- _Requirement_
In the copy, include every entry exactly but none of the pictures.

- _Data records_
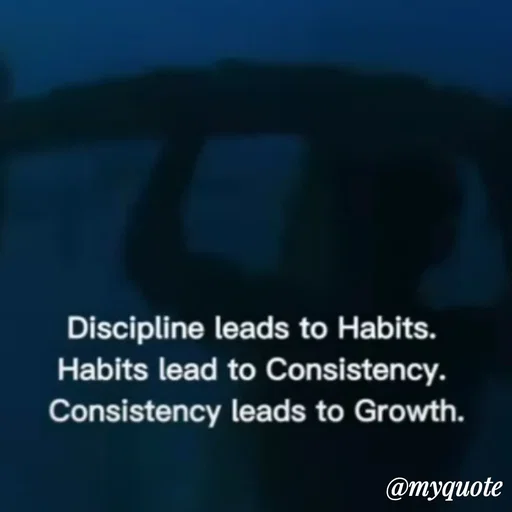 Quote by Ipsita Paul - Double tap to change text. - Made using Quotes Creator App, Post Maker App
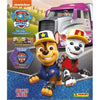 Album per figurine da collezione - PANINI - PAW Patrol il film - Misti - Bambini - Dai 3 anni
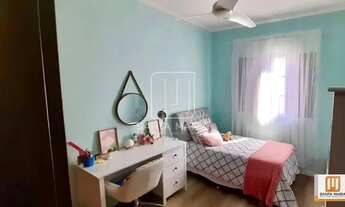 Imagem 5: Apartamento (tipo - padrao) 3 dormitórios/suite, cozinha planejada, em condomínio fechado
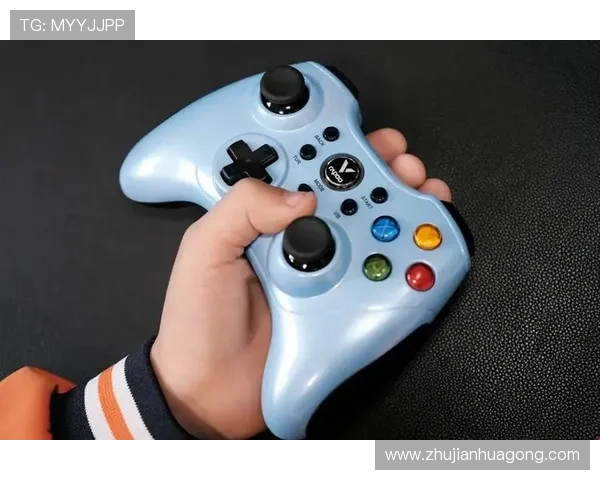 K8真人官方入口官方平台最新登录地址，确保玩家安全畅玩真人娱乐游戏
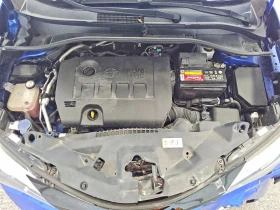 Toyota C-HR XLE, снимка 10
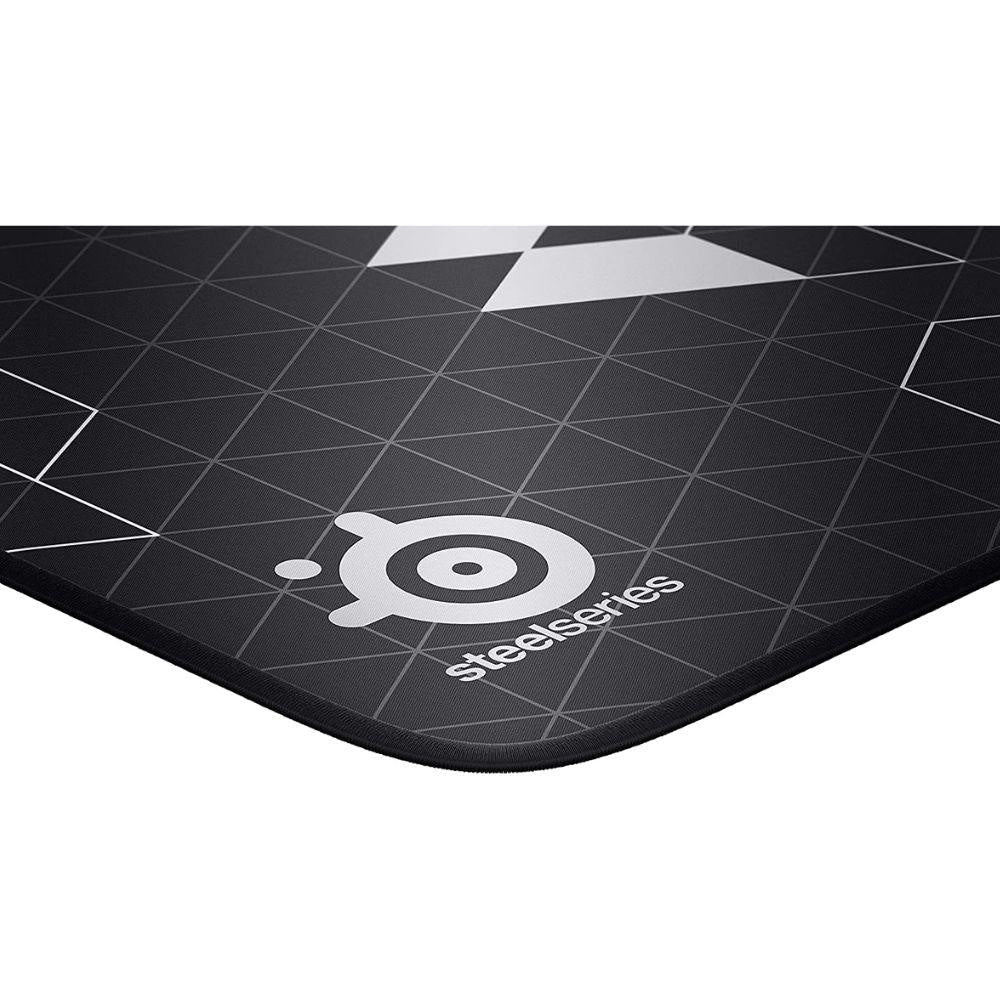 Steelseries Gaming Mouse Pad Mousepad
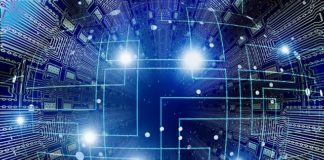 Is your company’s travel technology future-proof? future-proof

- _Result of the task_
 Quote by Ipsita Paul - Double tap to change text. - Made using Quotes Creator App, Post Maker App
 Album per figurine da collezione - PANINI - PAW Patrol il film - Misti - Bambini - Dai 3 anni
 Imagem 5: Apartamento (tipo - padrao) 3 dormitórios/suite, cozinha planejada, em condomínio fechado
 K8真人官方入口官方平台最新登录地址，确保玩家安全畅玩真人娱乐游戏
 Toyota C-HR XLE, снимка 10
 Steelseries Gaming Mouse Pad Mousepad
 Is your company’s travel technology future-proof? future-proof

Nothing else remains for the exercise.